Preocupado com as possíveis conseqüências do silêncio encontrado do outro lado, sentiu um choque e suas mãos tremeram quando o alto falante começou a emitir ruído antes de a voz urgente encher o ambiente.
– General! Fomos descobertos! Todos estão mortos… Eles estão chegando! – Ouviu-se um estrondo e o radio emudeceu.
O general ficou olhando o aparelho a sua frente hipnotizado.
– Todos estão mortos? – murmurou perplexo.
Levantou-se enérgico após alguns momentos de indecisão e circulou com passadas decididas pela sala, soturno, resmungando para si mesmo palavras duras e raivosas. Parou frente ao console e apertou algumas teclas. O rosto de Margot surgiu sério no visor de titânio.
– Diga general! Até agora não vimos nenhum movimento no canal. Quando nossos amigos poderão abri-lo?
– Não vai, senadora!
– Como?!
– Estão todos mortos. O canalha conseguiu nos vencer.
A senadora ficou em silêncio olhando-o perturbada.
– E agora, general? Está esperando um ataque à base lunar?
– Não acredito nisso. É muito arriscado! A superfície pode entrar na disputa e ele não quer isso. Não está preparado… Por enquanto.

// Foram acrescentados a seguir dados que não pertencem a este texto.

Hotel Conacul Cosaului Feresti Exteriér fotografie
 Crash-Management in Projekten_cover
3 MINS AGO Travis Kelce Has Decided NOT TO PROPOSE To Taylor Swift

– O que sugere que façamos general. Não podemos ficar esperando indefinidamente…
– Espere um pouco mais… Desligo!
O general levantou-se e caminhou enérgico pelo corredor. Parou em uma porta sem inscrição alguma e entrou intempestivo. Na mesa redonda de centro alguns homens confabulavam debruçados sobre alguns desenhos e gráficos mostrados na tela iluminada que tomava quase todo seu diâmetro.
– Senhores! Exclamou autoritário – Temos um problema urgente. Larguem tudo e ouçam-me.